Whether or not you realize it, you have an estate. While you may be thinking of estate in terms of the Queen of England, it’s actually much more practical than that. Yes, she has an estate, but you do as well. Your estate is comprised of everything you own – your car, home, real estate, checking and savings accounts, investments, life insurance, furniture, personal possessions, etc. While your estate may look different than the Queen’s, there’s a commonality that neither of you will take your estate with you when you die.
Estate planning is the act of leaving a detailed instructional plan about how you want your assets distributed after you pass. Women, in particular, tend to overlook this aspect of their financial affairs, according to financial guru Suze Orman. This mistake may lead to unanticipated financial burdens for their children.
Your estate plan should include:
• A Will. This is a legal document that explains who should receive which of your assets. It also allows you to name guardians for your dependent children, which is crucial because the courts will decide what happens with your assets and children if you don’t have a will in place. You can also name an executor, the person who will be in charge of your estate which includes distributing your property, filing tax returns, and processing claims for creditors.

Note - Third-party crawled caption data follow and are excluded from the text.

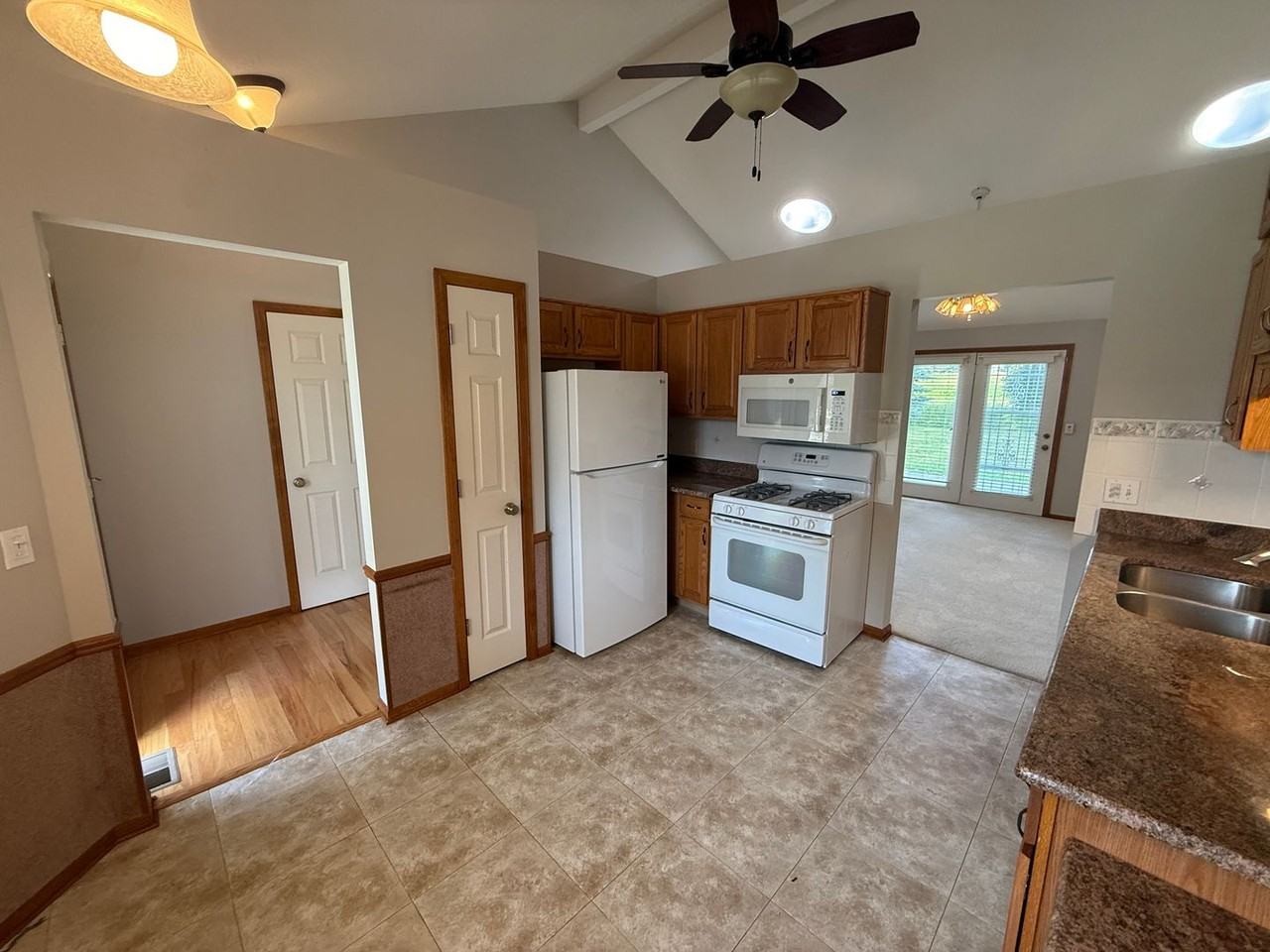 5018 Goldfinch Ln - Photo 6 of 25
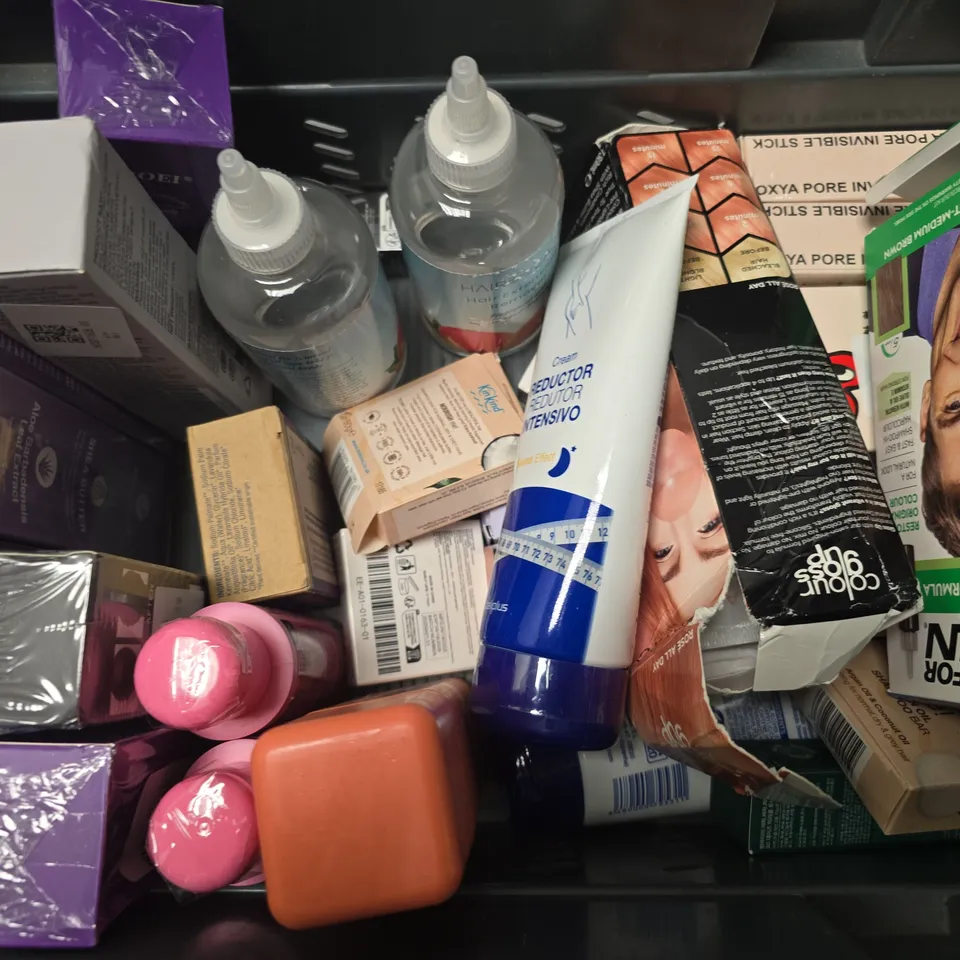 APPROXIMATELY 15 ASSORTED HEALTH & BEAUTY ITEMS TO INCLUDE - VASELINE , ROOT ACTIVATING SHAMPOO , GEL ANTICELULITICO FRIO EFFECT ETC
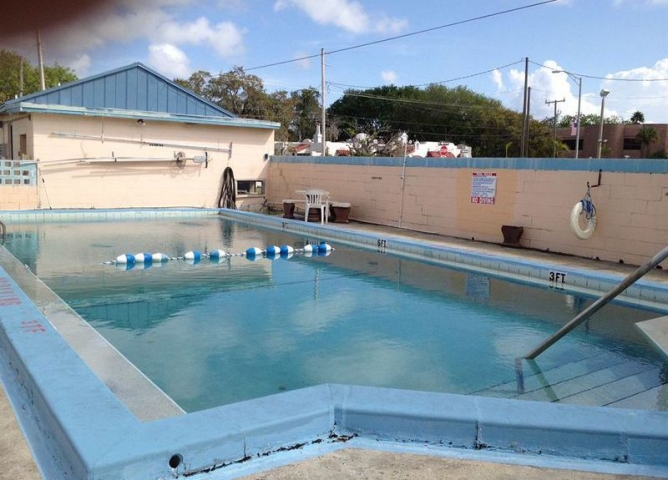 Three Oaks Motel Pool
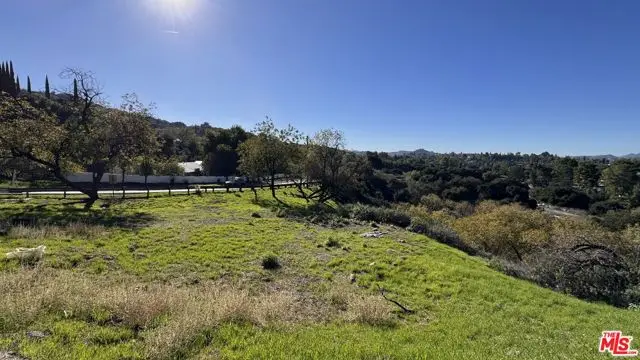 1 N Topanga Canyon Boulevard, Woodland Hills, CA 91364 - Image #1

• Power of Attorney. When you name someone as power of attorney, this person has authority to manage your financial affairs if you are unable to do so.

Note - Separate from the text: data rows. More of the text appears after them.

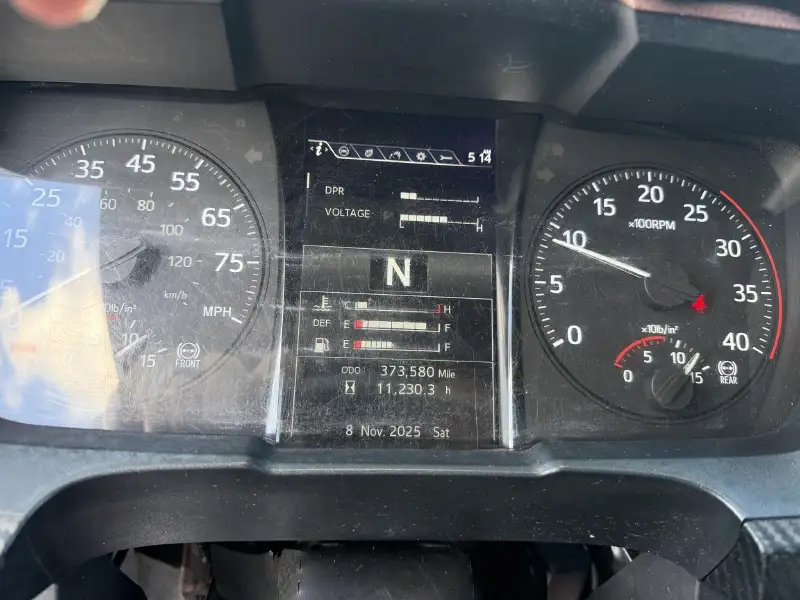 2021 HINO L6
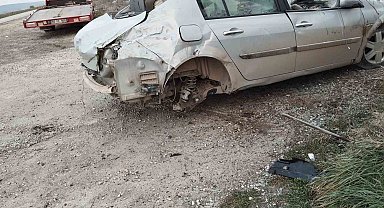 Duvara çarpan otomobil sürücüsü ağır yaralandı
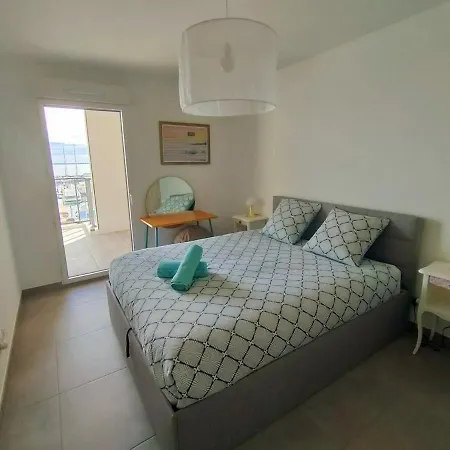 Le Millesime Olivier : Vue Exceptionnelle Sur La Baie, Moderne Avec Et Parking Prive.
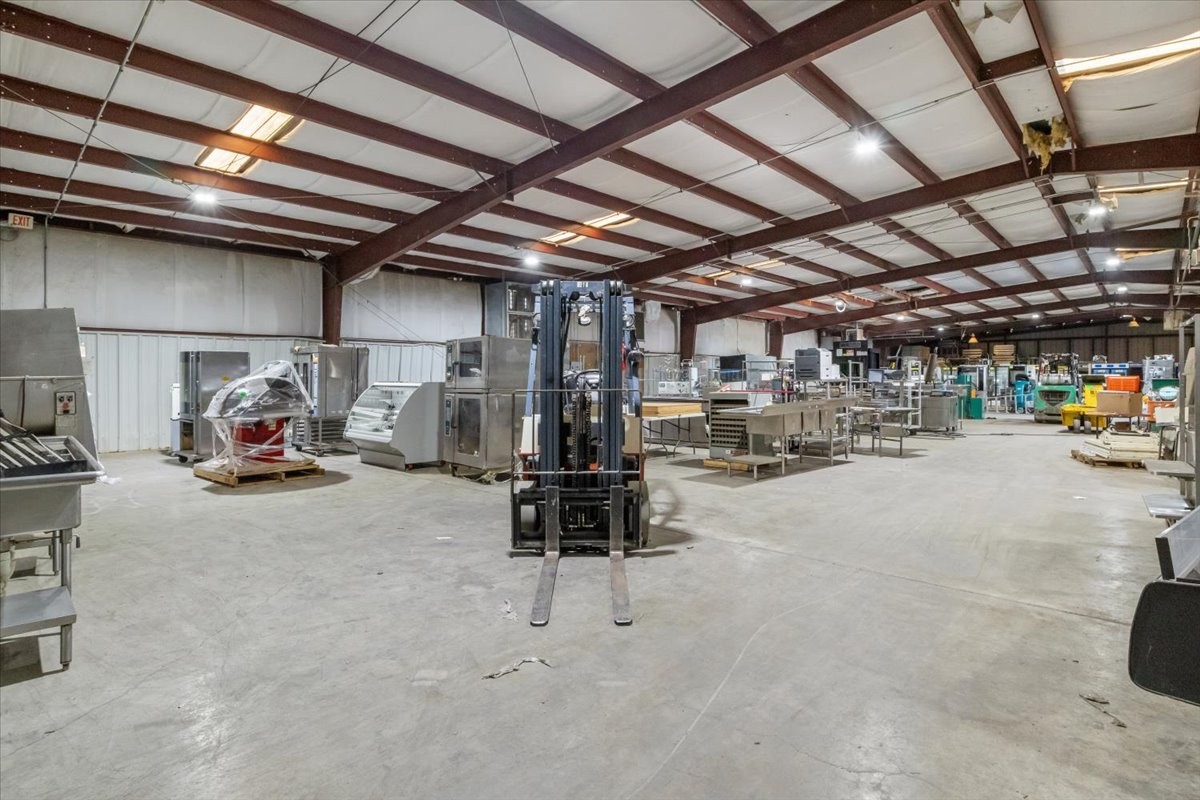 107 Young Road Waverly TN 37185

• A Living Will. This is a statement of your wishes for the kind of life-sustaining medical intervention you want, or don’t want, in the event that you become unable to communicate.

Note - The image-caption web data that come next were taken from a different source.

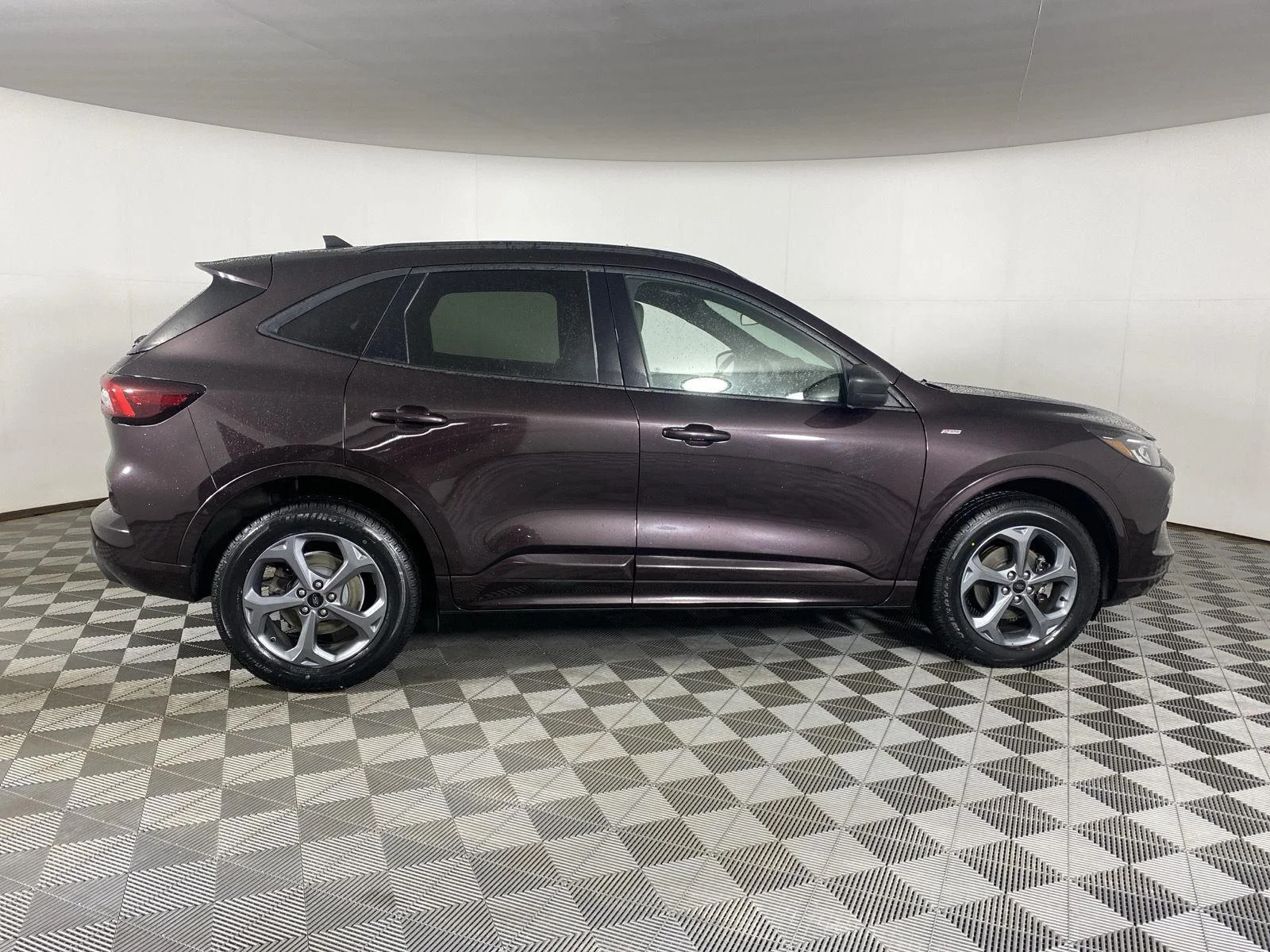 Used 2023 Cinnabar Red Ford ST-Line image 18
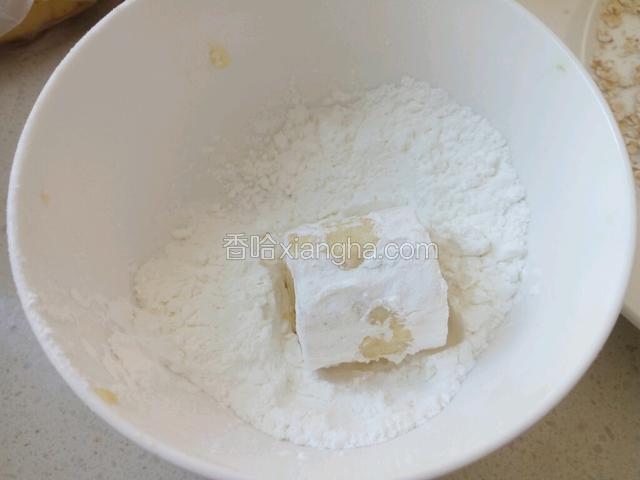 香蕉条放淀粉里滚一下，沾匀淀粉。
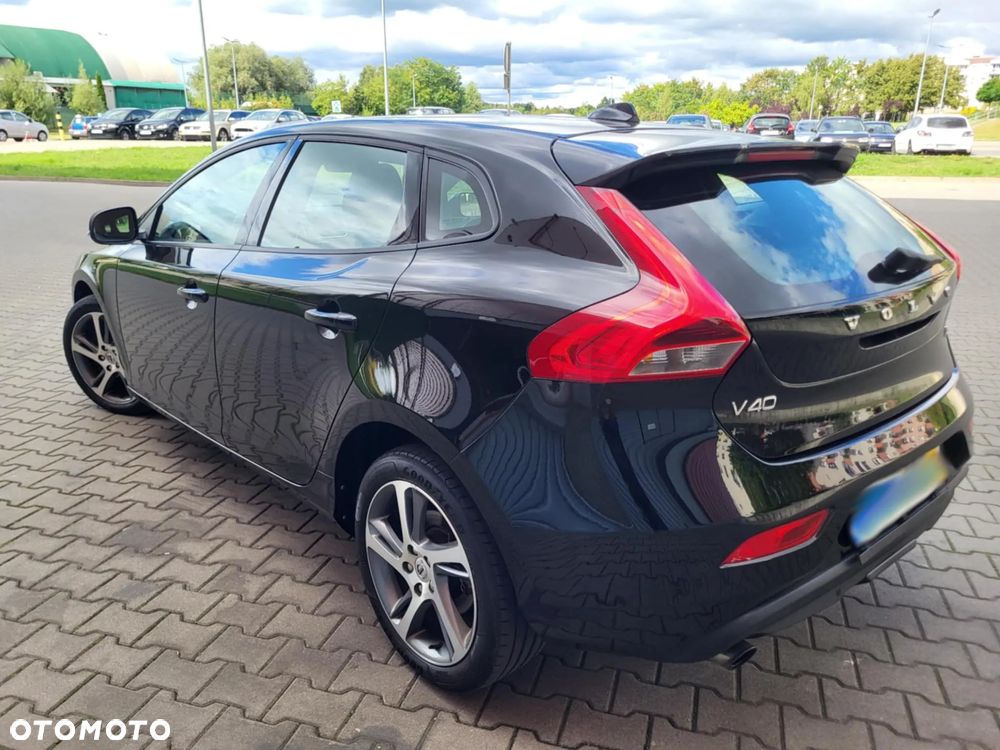 Volvo V40 D3 Drive-E Momentum - 18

• Healthcare Proxy. This authorizes someone you trust to make medical decision on your behalf. The living will and the healthcare proxy make up what’s called an “advanced health care directive.”
• Trust. For those who are concerned about how the assets are going to be distributed, it might make sense to have a trust in place. A trust is a legal entity that not only creates conditions by which assets will be distributed upon your death, but while you are alive. Under certain conditions, a trust names an individual(s) who will step into your shoes and handle your personal, financial and/or business affairs in the event you are unable to do so. A trust can also help minimize gift and estate taxes as well and finally, provides a cloak of privacy around your estate and its assets. A will on the other hand, if contested becomes a document viewable by the courts and by proxy the general public.
• (Term) Life Insurance Proceeds. Money from your estate — whether it be from bank accounts, trust assets, or property — may not be immediately available to your family and children to pay for their needs. However, mortgage payments, estate taxes, and school tuition may be due right away or before your assets are distributed. Life insurance will provide money to your beneficiaries shortly after your death. Beware, however, that if you have minor children and simply name them as beneficiaries on the policy, the money will be frozen until they turn 18. To make the funds quickly accessible, you will need to set up a trust as the beneficiary with instructions for how the money must be used.
The best way to protect your assets and ensure that your family is properly cared for is to take the time to create an estate plan. While it’s not necessarily an easy thing to do, it is a necessity and will offer peace of mind for you and those you love.